____ PROVIDED INFORMATION

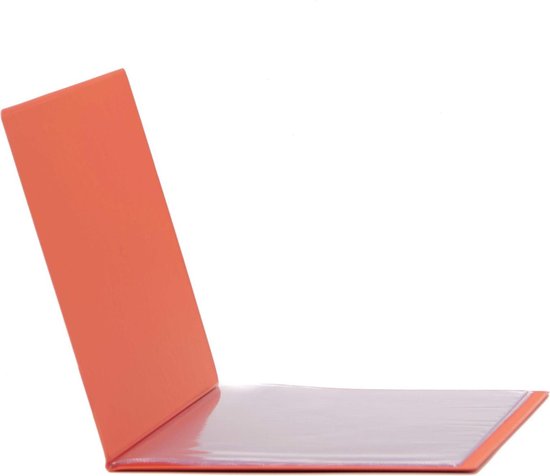 Foto: Goodline pvc portfoliomap geschikt voor 8 pagina s type classic oranje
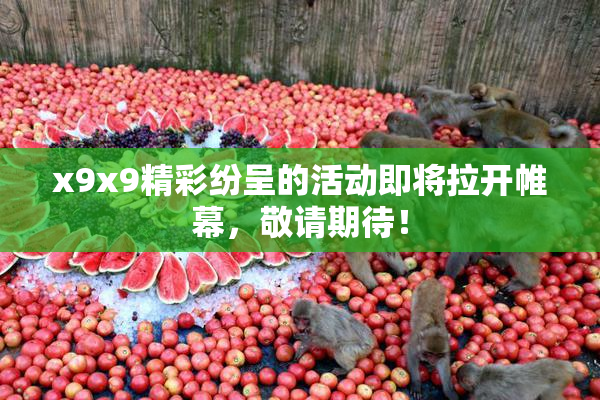 x9x9精彩纷呈的活动即将拉开帷幕，敬请期待！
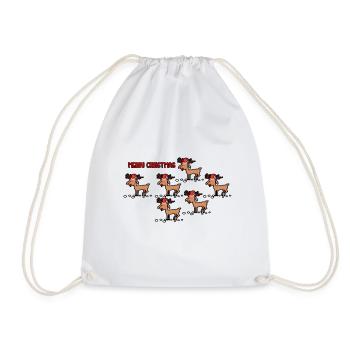 Christmas Christmas Christmas holiday season - Drawstring Bag - white - Front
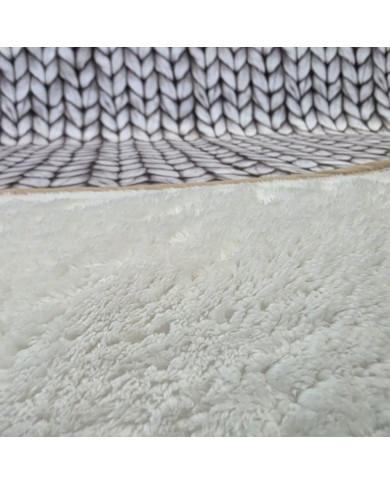 Narzuta drukowana 160x200 cm KNITT BEIGE
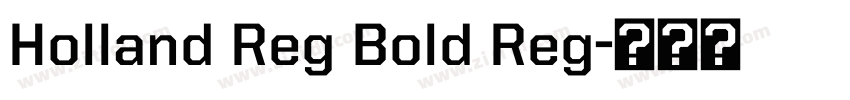 Holland Reg Bold Reg字体转换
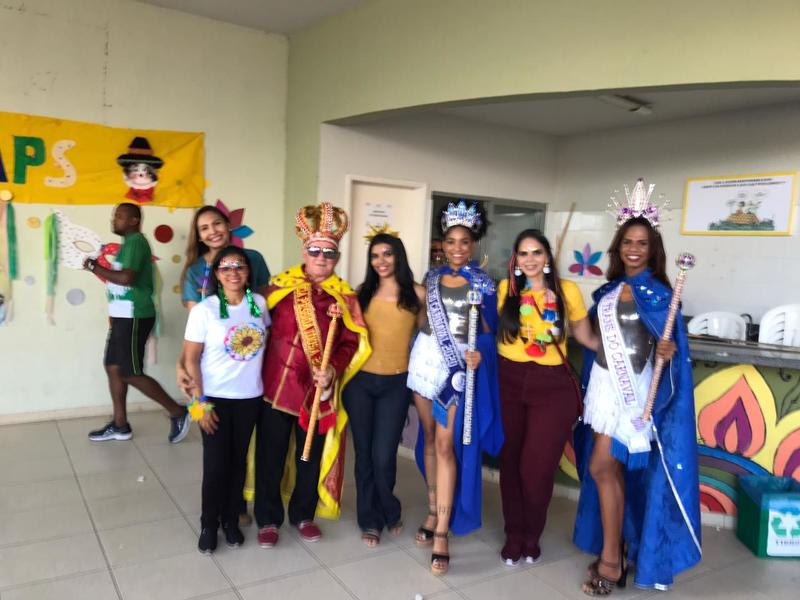 CAPS Norte realiza festa de carnaval no Lagoas do Norte 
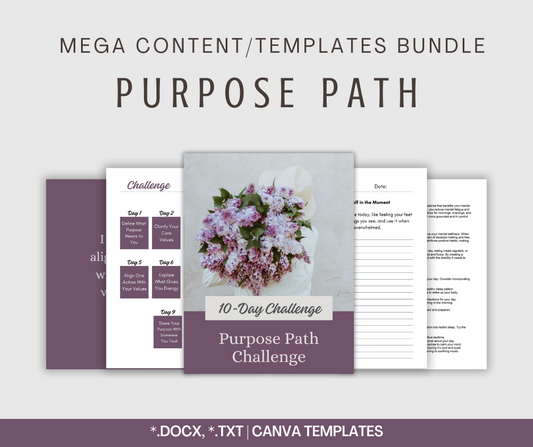 Purpose Path | MEGA Content and Templates Bundle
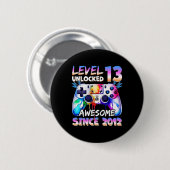 Kids Level 13 freigeschaltet Videospieler Toll sei Button (Vorne & Hinten)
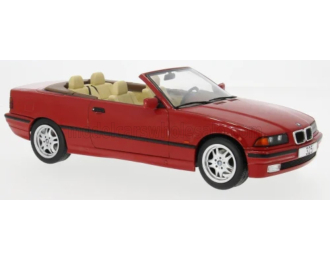 BMW 3-series 325i (E36) cabriolet open (1996), red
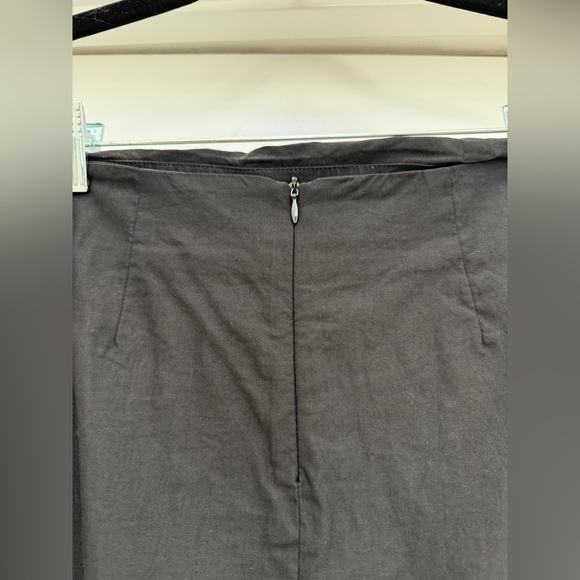 Blue Blush Women’s Black Ruffle Mini Skirt Ruched Draped Hem Detail Chic Size M - Picture 5 of 6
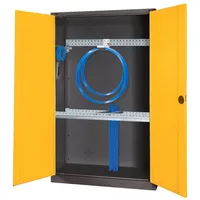C+P Modul-Sportgeräteschrank ""Grundausstattung"" mit Vollblech-Flügeltüren, HxBxT 195x120x50 cm, Ergo-Lock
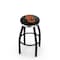 Holland Bar Stool Co 30" Blk Wrinkle USC Trojans Swivel Bar Stool, Chrome Ring L8B2C30SouCal - alternate 1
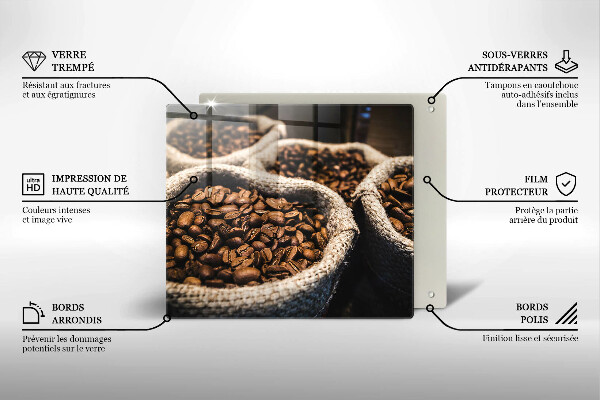 Protection plaque induction Sacs de grains de café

________

EXERCISE AIM
What you need to copy is the run of lines from the one holding "195x120x50 cm, Ergo-Lock" through the end of the data, exactly and only, both ends included, pictures omitted.

EXERCISE RESPONSE
C+P Modul-Sportgeräteschrank ""Grundausstattung"" mit Vollblech-Flügeltüren, HxBxT 195x120x50 cm, Ergo-Lock
 Holland Bar Stool Co 30" Blk Wrinkle USC Trojans Swivel Bar Stool, Chrome Ring L8B2C30SouCal - alternate 1
 Protection plaque induction Sacs de grains de café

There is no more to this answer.